Test it first with a modest number of attempts:

select z from random_test_report_for_modeled_age(1000);

Then increase the number of attempts to, say, one million. This takes about a minute. (No thought was given to make the test run faster. Its speed is uninteresting.) You'll see that "No failures"_ is reported and that the range of randomly generated timestamp values spans close to the maximum that random_timestamp() can produce (4700 BC through 4700 AD).

This should give you a very high confidence indeed that the function modeled_age() lives up to its name.

The semantics of the one-parameter moment overload of function age()

The effect of age(t) is identical to the effect of age(<midnight today>, t). Here's a demonstration of the semantics. The expression date_trunc('day', clock_timestamp()) is copied from the definition of today() in the subsection Consider user-defined functions rather than 'today', 'tomorrow', and 'yesterday'.
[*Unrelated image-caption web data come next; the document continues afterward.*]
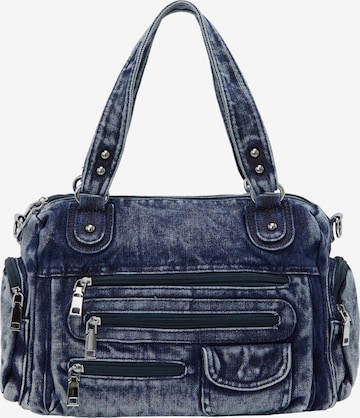 myMo ROCKS Käsilaukku värissä sininen: etupuoli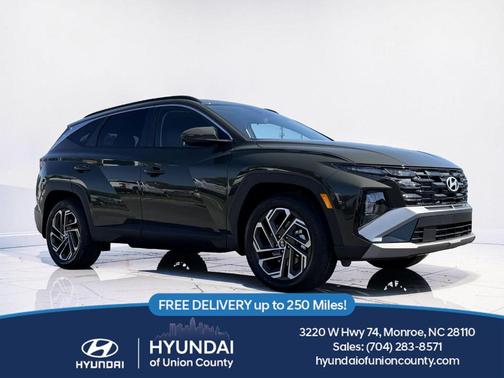 Green 2026 Hyundai TUCSON SEL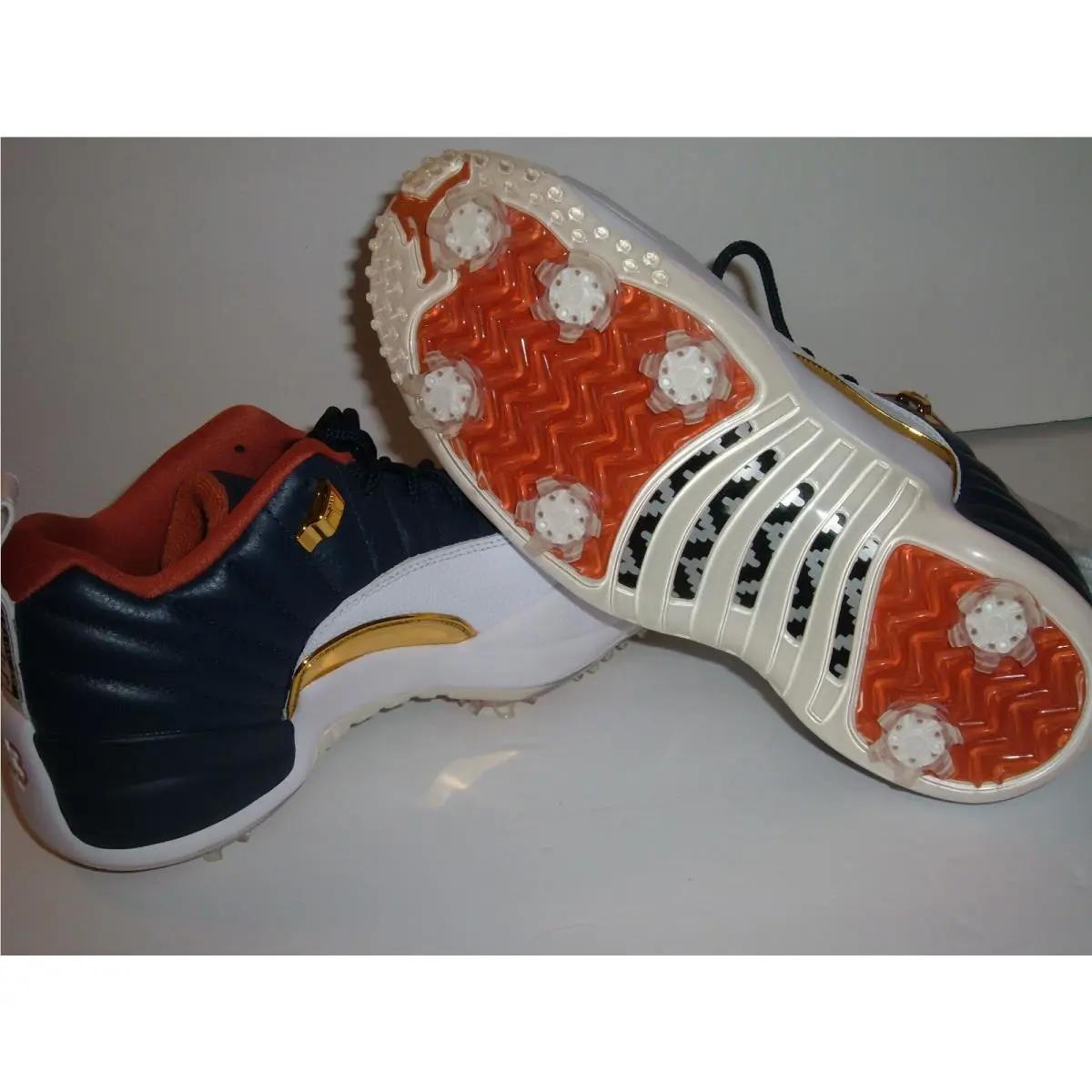 Nike shoes - Air Jordan 12 - Air - DZ4524-400 - Midnight Navy / White-White (UPC: 196151902727) 8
Do this to test this assertion for the timestamptz overloads:

drop procedure if exists assert_one_parameter_overload_of_age_semantics(timestamptz) cascade;
create procedure assert_one_parameter_overload_of_age_semantics(t in timestamptz)
  language plpgsql
as $body$
declare
  age_1 constant interval not null := age(t);
  age_2 constant interval not null := age(date_trunc('day', clock_timestamp()), t);
begin
 assert age_1 = age_2, 'Assert failed';
end;
$body$;

set timezone = 'UTC';
call assert_one_parameter_overload_of_age_semantics('2007-06-24');
call assert_one_parameter_overload_of_age_semantics('2051-07-19 Europe/Helsinki');
call assert_one_parameter_overload_of_age_semantics('2007-02-01 13:42:19.12345');
call assert_one_parameter_overload_of_age_semantics(clock_timestamp());

set timezone = 'America/Los_Angeles';
call assert_one_parameter_overload_of_age_semantics('2007-06-24');
call assert_one_parameter_overload_of_age_semantics('2051-07-19 Europe/Helsinki');
call assert_one_parameter_overload_of_age_semantics('2007-02-01 13:42:19.12345');
call assert_one_parameter_overload_of_age_semantics(clock_timestamp());

Each call statement finishes without error, showing that the assertion holds for every test

Do this to test this assertion for the plain timestamp overloads:

drop procedure if exists assert_one_parameter_overload_of_age_semantics(timestamp) cascade;
create procedure assert_one_parameter_overload_of_age_semantics(t in timestamp)
  language plpgsql
as $body$
declare
  age_1 constant interval not null := age(t);
  age_2 constant interval not null := age(date_trunc('day', localtimestamp), t);
begin
 assert age_1 = age_2, 'Assert failed';
end;
$body$;

set timezone = 'UTC';
call assert_one_parameter_overload_of_age_semantics('2007-02-01 13:42:19.12345');
call assert_one_parameter_overload_of_age_semantics('2007-06-24');
call assert_one_parameter_overload_of_age_semantics('2051-07-19');
call assert_one_parameter_overload_of_age_semantics(clock_timestamp());

set timezone = 'America/Los_Angeles';
call assert_one_parameter_overload_of_age_semantics('2007-02-01 13:42:19.12345');
call assert_one_parameter_overload_of_age_semantics('2007-06-24');
call assert_one_parameter_overload_of_age_semantics('2051-07-19');
call assert_one_parameter_overload_of_age_semantics(clock_timestamp());

Each call statement finishes without error, showing that the assertion holds for every test.